How to feed the world? Over 50 countries to discuss on Feb 23-24
A new wave of business opportunities spanning the global food ecosystem will be unlocked at the ground-breaking Food For Future Summit and Global Agtech Expo later this month as the industry looks to address an impending agricultural shortfall that could fail to produce enough to feed the world’s anticipated 10 billion population by 2050.
More than 150 high-calibre industry speakers and a host of food, agritech and start-up pioneers from more than 50 countries will convene for the first-of-its-kind summit, organised by Dubai World Trade Centre (DWTC), at Dubai Exhibition Centre on February 23-24.
The events, hosted by the Ministry of Climate Change and Environment, with the United Nations Food and Agriculture Organisation as a strategic partner, come at the optimum time to galvanise the industry and catalyse a worldwide food security movement, according to global food innovators.
Public-private sector collaboration will be key for a sustainable and secure future, says the International Finance Corporation (IFC), a member of the World Bank Group, focused on advanced economic development and improving people’s lives by encouraging the growth of the private sector in developing countries.

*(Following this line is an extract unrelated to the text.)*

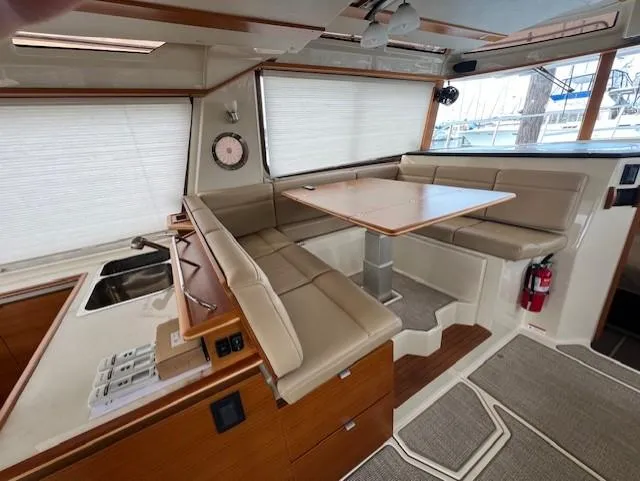 Seahorse Yacht Photos Pics 2019 Ranger Tugs R-41 CB interior with dining area and beige seating.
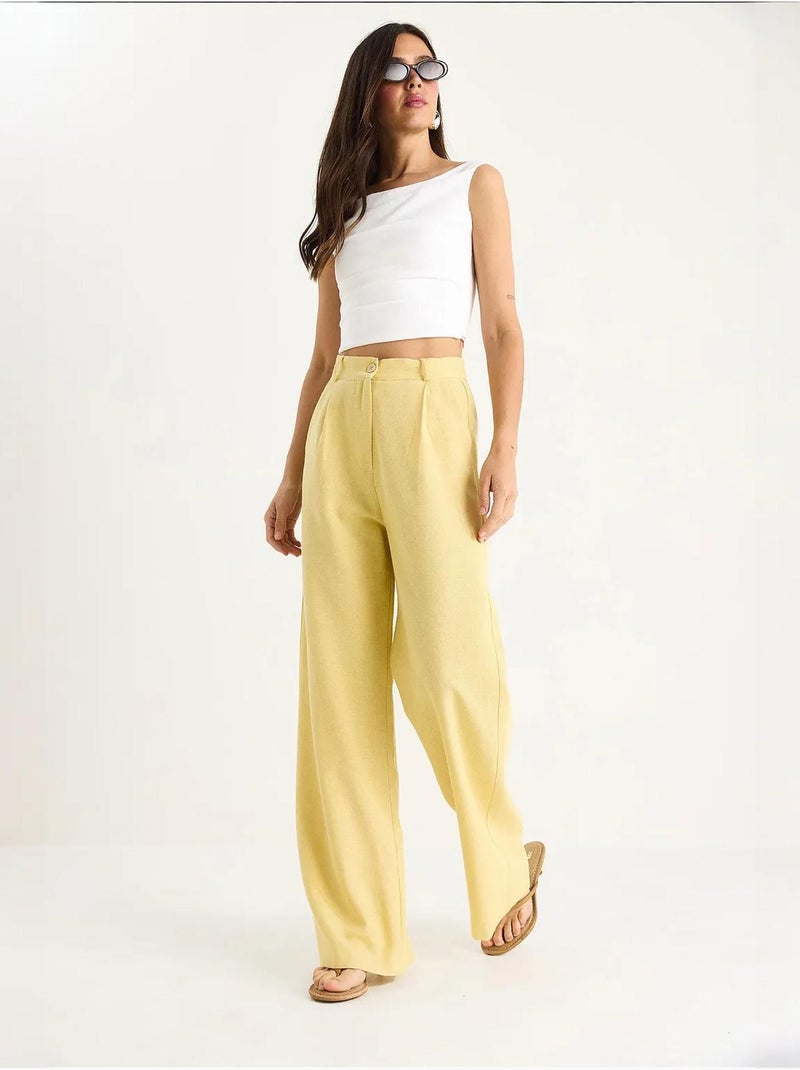 Pantaloni palazzo a vita alta con pieghe lucci Ambra - Kiabi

“Food security is not something that exists in isolation. Solving the food needs of populations requires collaboration between governments and the private sector. At the IFC, we invest in agribusiness to build food security and economic opportunities, in parallel with advisory work to strengthen food safety and security, improve business practices, and make value chains more inclusive by integrating smallholders, MSMEs (micro, small and medium enterprises) and women,” said Prasad Gopalan, manager, Agribusiness and Forestry, IFC.
“We have found that collaboration between government and industry, and with consumers and other stakeholders is critical to building effective, safe, and sustainable systems that underpin food security and promote food safety. Where do we see collaboration needed? It depends on the specific country, and this may require, amongst other things, identifying and removing tariffs and other distortions that impede efficient agricultural activity and affordability of food products, improving agricultural and digital infrastructure, and providing essential extension services for farmers and other supply chain participants. This, together with a stable regulatory system, allows the private sector to thrive and innovate to address food security challenges now and in the future,” Gopalan added.
Success also requires investing in agribusiness. IFC is expected to commit about US$1 billion in cumulative investments over the next decade in the Middle East’s agribusiness sector, across the entire Ag value chain – from inputs to production and processing to distribution and food retail.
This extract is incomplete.